La diva del autoengaño
'Florence Foster Jenkins' se levanta sobre un gran golpe de efecto en su casting
FLORENCE FOSTER JENKINS
Dirección: Stephen Frears.
Intérpretes: Meryl Streep, Hugh Grant, Nina Arianda, Simon Helberg.
Género: biopic.
Gran Bretaña. 2016.
Duración: 111 minutos.
Desde que el 25 de octubre de 1944 la filántropa y diva del autoengaño Florence Foster Jenkins sembrase el estupor y la risa desde el escenario del Carnegie Hall, su condición de mito fundacional de la cultura basura, entendida como postmoderno activismo del gusto, no ha hecho más que crecer y consolidarse. La Jenkins era una orfebre de la nota desafinada que se percibía a sí misma como prodigiosa soprano de coloratura: su generosidad en el mecenazgo y su posición social hicieron que nadie la sacara de su error. Su figura ha inspirado por lo menos seis montajes teatrales –entre ellos, uno de producción nacional: Casta Diva de Xavier Bertran-, un documental –Florence Foster Jenkins. A World of Her Own (2007) de Donald Collup- y diversos cortos y telefilms. Era inevitable que, cuando el género del biopic ha ampliado su campo de batalla más allá de la ejemplaridad, la Jenkins acabase accediendo a su propio poema épico filmado: Florence Foster Jenkins, el biopic oficial que firma Stephen Frears, llega a las pantallas algunos meses después que la francesa Madame Marguerite de Xavier Giannoli, extraordinario trabajo que aprovechaba su condición de ficción libremente inspirada en la mítica figura para ahondar en los matices del fenómeno. Lo más llamativo –y bienvenido- de ambas películas es la entrega, afecto y cuidado que tanto sus actrices –Meryl Streep, Catherine Frot- como sus directores invierten en la evocación de una figura que trasciende la condición de diana risible.

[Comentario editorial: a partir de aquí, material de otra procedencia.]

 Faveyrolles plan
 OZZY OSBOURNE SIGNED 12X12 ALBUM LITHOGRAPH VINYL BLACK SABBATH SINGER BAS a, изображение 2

Florence Foster Jenkins se levanta sobre un gran golpe de efecto en su casting, que asocia la excelencia (la Streep) a su contrario (la Jenkins): la forma de abordar el personaje subraya su fragilidad y cierta condición kitsch frente a esa versión Frot que sugería la posibilidad de un delirio de propia elección como estrategia defensiva en un estado de aislamiento conyugal y soledad profunda. Hugh Grant aporta un muy complejo y matizado patetismo a su encarnación de St Clair Bayfield, compañero sentimental (con doble vida) de la diva y verdadera clave de interpretación para la película. Si la apócrifa Marguerite encontraba una complicidad entre los dadás, herederos de la concepción romántica que asociaba clasicismo a opresión, Jenkins, bajo la mirada de Frears, se convierte en paradigma de excepcionalidad: ni Bayfield, ni su pianista acompañante Cosmé McMoon –respectivamente, un actor mediocre y un músico caligráfico- serían recordados si no fuese por su acercamiento a esta criatura irrepetible.